With its brief but varied menu, the new White Dog has a good chance for a long walk. 

Man's Best Friend

The dynamic restaurant scene along Main Street in the Fan continues to redefine itself. Some have the formula for success; others have the capital; and yet others have the crazy urge to open a restaurant. And so it goes. Some hang on long enough to become institutions; others sit at their empty bar and wonder how they can lure customers in.

If experience counts for anything, the White Dog, a newcomer to the pack, should have a good chance for a long walk. Barry Pruitt, for 15 years a partner at Davis & Main before moving on to another Fan venture, Avenue 805, for a couple of years, should know the route for a good dog walk. This time, he's in a place just down the street from his former haunts, daring to go where many have gone before (come and gone rather quickly, that is) — at the corner of Stafford and Main. But Pruitt should know his crowd.

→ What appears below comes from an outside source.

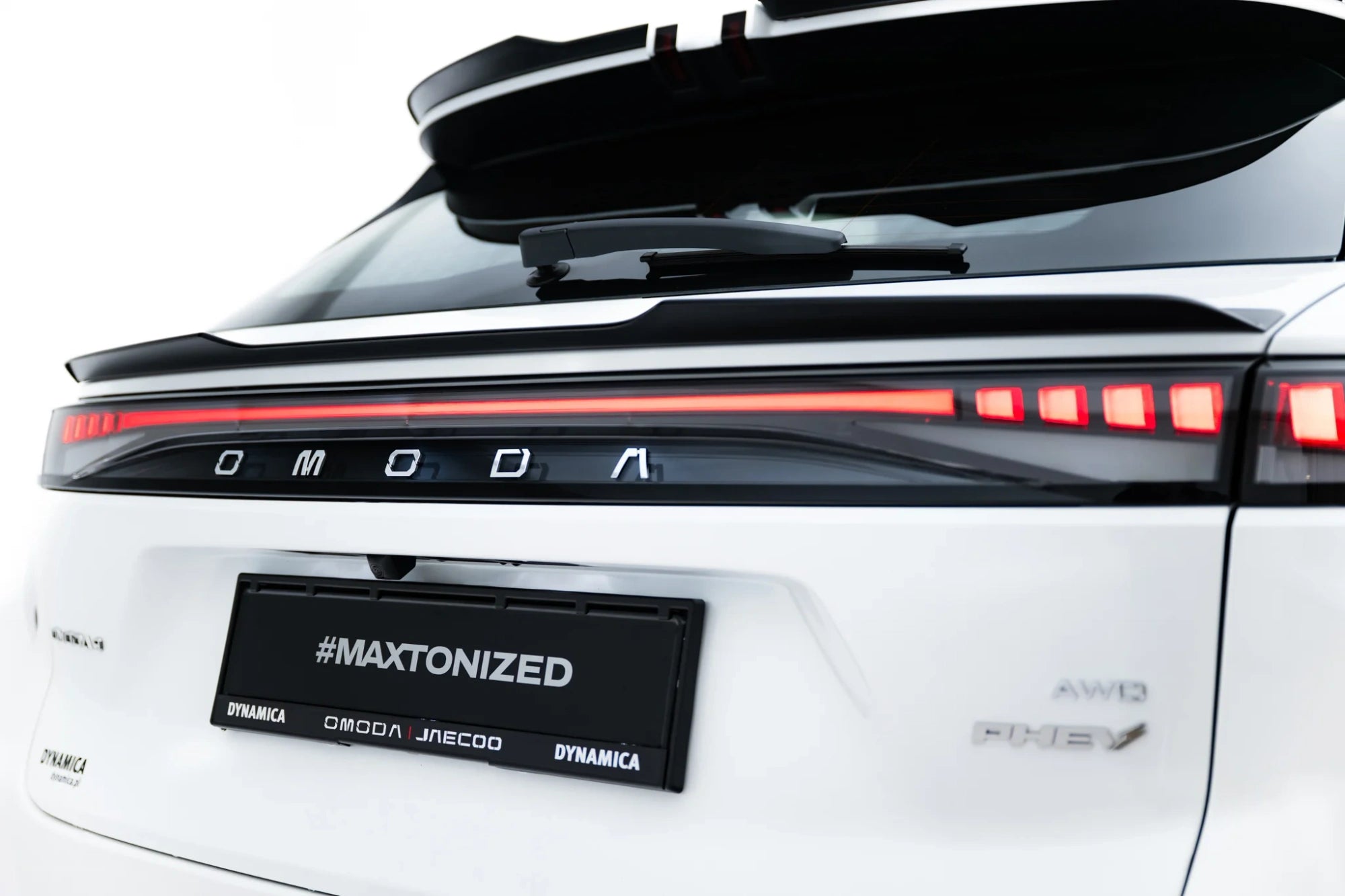 Eleron spoiler mijlociu Omoda 9 Mk1 - Maxton Design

The space, down a couple of steps from the sidewalk, looks freshly decorated, though it's still small and intimate, with tables in nooks, crannies and a back room. We were seated in a booth across from the bar, where all six stools were eventually occupied by smokers. Short of being seated in the rather lonely back room, the choice, once you're ensconced, is to tolerate the smoke. Mellow pop standards are piped a bit intrusively, if conversation is part of your dinner plans.

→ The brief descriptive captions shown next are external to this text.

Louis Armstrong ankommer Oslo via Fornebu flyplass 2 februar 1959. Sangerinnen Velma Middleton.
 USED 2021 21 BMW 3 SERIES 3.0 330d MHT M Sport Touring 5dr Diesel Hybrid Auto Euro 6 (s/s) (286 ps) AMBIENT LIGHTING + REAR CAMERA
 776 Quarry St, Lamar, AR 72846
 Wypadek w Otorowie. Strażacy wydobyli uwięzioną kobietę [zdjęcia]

But we went to eat — though conversation is as important to that experience as good food and drink. For beer drinkers several drafts and bottles are offered. The wine list ($16-$28 per bottle/$4-$4.50 per glass) is pared to a dozen-and-a-half thoughtfully chosen labels. We had a modest South African hybrid called a pinotage ($17) that I might try again.

The menu, like the wine list, is brief but varied. Perhaps with premature summer weather, some offerings seem like winter fare. On a warm night the black bean soup ($5.50) and green chili and pork stew ($5) didn't set off a rush of craving. Spring rolls with apricot chutney ($6) were more appealing. Described on the menu as crispy fried, they fell short of that, but the zesty chutney saved them. A pastry turnover ($6), filled with portobello mushrooms, roasted red peppers and Parmesan, and decorated with squiggles of a balsamic reduction is a pleasant little variation of some classic and trendy flavors. Other choices are a barbecue chicken quesadilla with a tomatillo salsa ($6) or catfish fingers with a jalapeno dip ($6.50).

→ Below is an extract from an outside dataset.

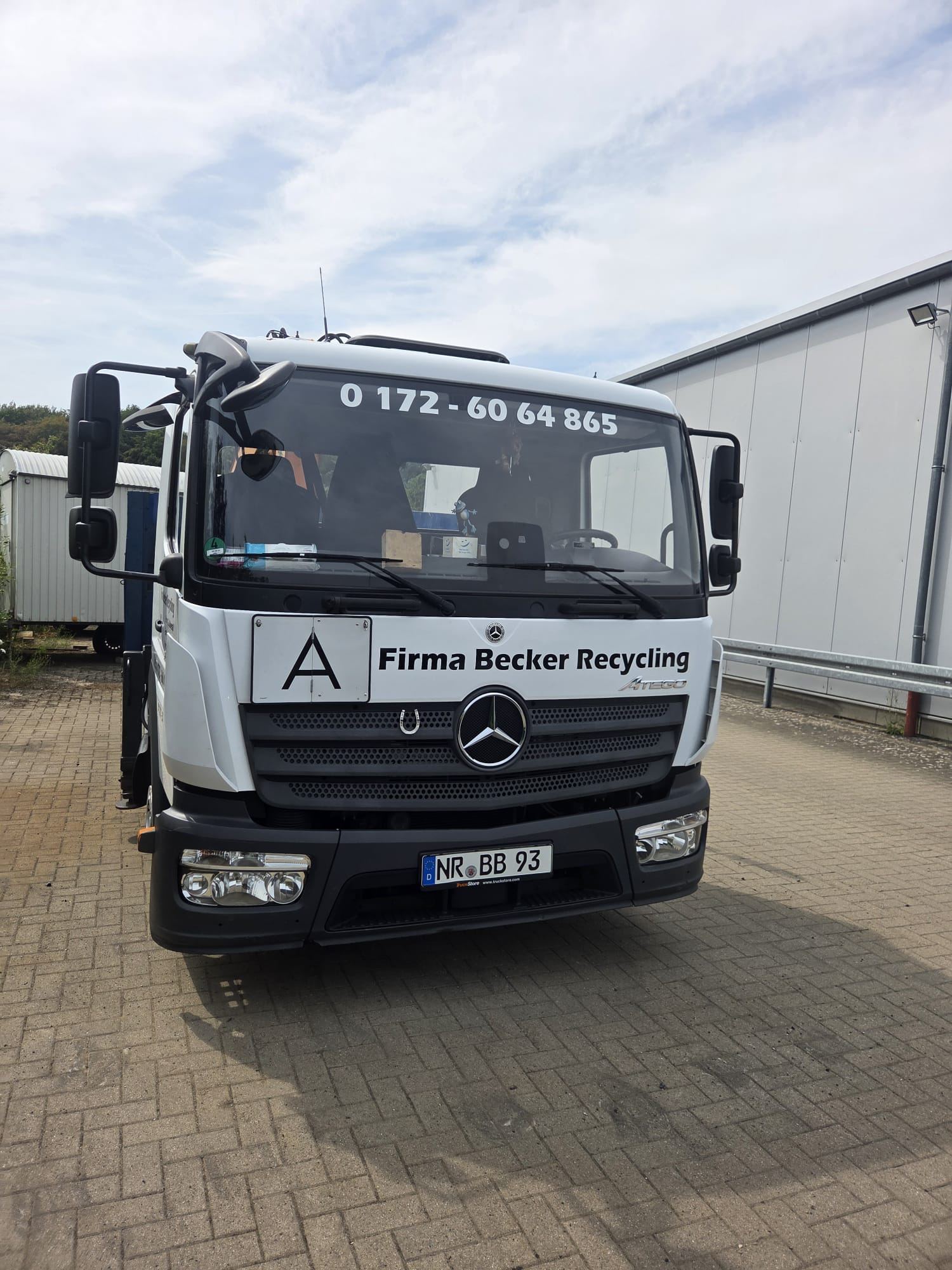 Becker Recycling LKW Frontansicht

The main courses number only a dozen but they cover a lot of territory for a variety of appetites. For instance, there's a "Big Salad with everything that matters including cheese" ($7), and you can cry fowl (grilled chicken) for $2 or add grilled shrimp for $3.50. A mix of vegetables over linguine ($9.50) can be augmented by chicken ($12) or shrimp ($15.50). There's more than an Asian flair in stir-fried shrimp and vegetables over cellophane noodles in a hoisin sauce ($14). It's a colorful, flavorful bowl with good contrast of texture, particularly with a garnish of crisp-fried noodles on top. Ancho-roasted chicken ($10) is ordinary, either kept warm too long or warmed over, but I liked the macaroni and cheese underneath and the crisp, garlicky snow peas on the side. Other entrees ($13-$18) include salmon, lamb, pork loin, a New York strip steak and Hungarian beef goulash.

We finished with an intense fruit sorbet, frozen in the shell of the fruit — tangerine, in this case. It's good.

Gertrude Stein once said that a dog walk should be the same but different. It's an interesting challenge for the one with the leash on The White Dog.